──────── Entries supplied ────────

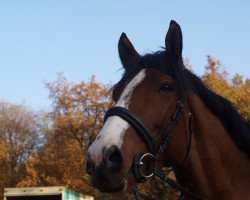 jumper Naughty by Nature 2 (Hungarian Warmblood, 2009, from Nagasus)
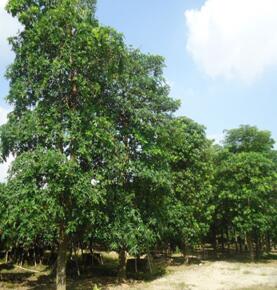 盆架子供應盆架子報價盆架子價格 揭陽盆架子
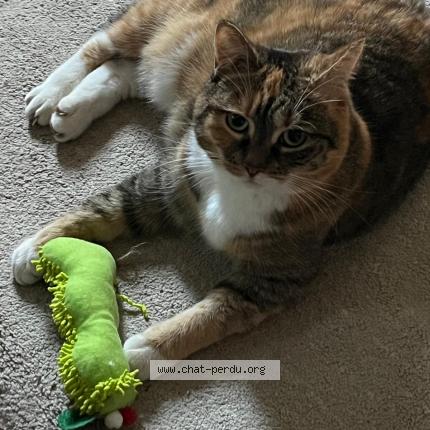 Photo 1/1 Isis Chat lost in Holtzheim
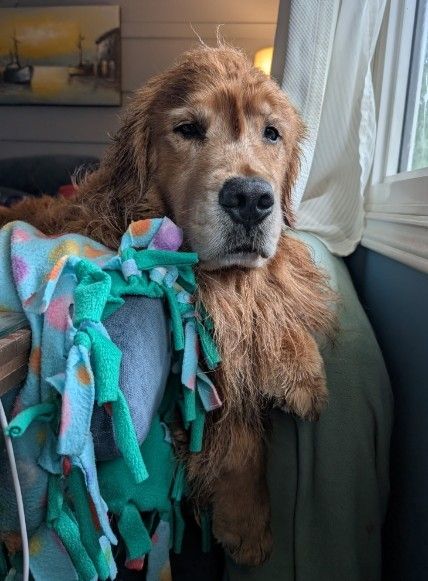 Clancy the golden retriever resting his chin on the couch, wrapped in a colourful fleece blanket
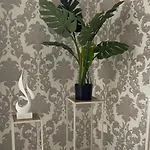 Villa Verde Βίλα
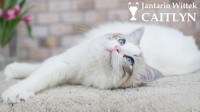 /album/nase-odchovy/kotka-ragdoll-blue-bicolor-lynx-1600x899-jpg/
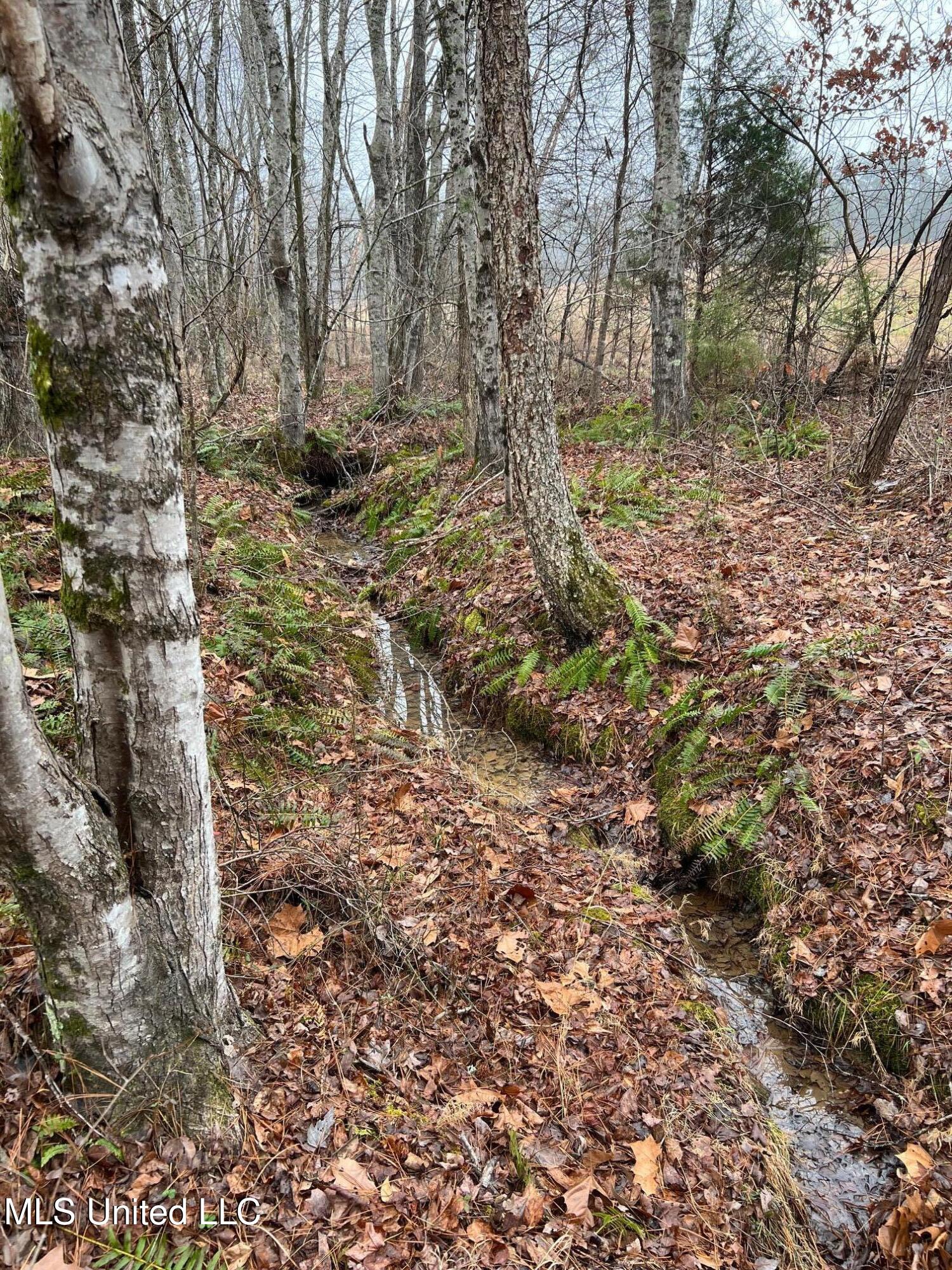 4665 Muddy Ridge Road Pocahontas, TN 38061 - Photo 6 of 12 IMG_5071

────────
──────── Entries supplied ────────

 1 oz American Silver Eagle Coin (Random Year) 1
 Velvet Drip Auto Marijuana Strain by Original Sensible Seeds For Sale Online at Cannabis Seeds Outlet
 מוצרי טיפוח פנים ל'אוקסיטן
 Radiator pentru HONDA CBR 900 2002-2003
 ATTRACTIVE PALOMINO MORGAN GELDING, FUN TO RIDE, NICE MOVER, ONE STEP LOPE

────────

What is expected: Word for word, repeat the lines above from the one with "盆架子供應盆架子報價盆架子價格 揭陽盆架子" through the one with "4665 Muddy Ridge", and nothing beyond them. Omit the pictures.

Reply:
 盆架子供應盆架子報價盆架子價格 揭陽盆架子
 Photo 1/1 Isis Chat lost in Holtzheim
 Clancy the golden retriever resting his chin on the couch, wrapped in a colourful fleece blanket
 Villa Verde Βίλα
 /album/nase-odchovy/kotka-ragdoll-blue-bicolor-lynx-1600x899-jpg/
 4665 Muddy Ridge Road Pocahontas, TN 38061 - Photo 6 of 12 IMG_5071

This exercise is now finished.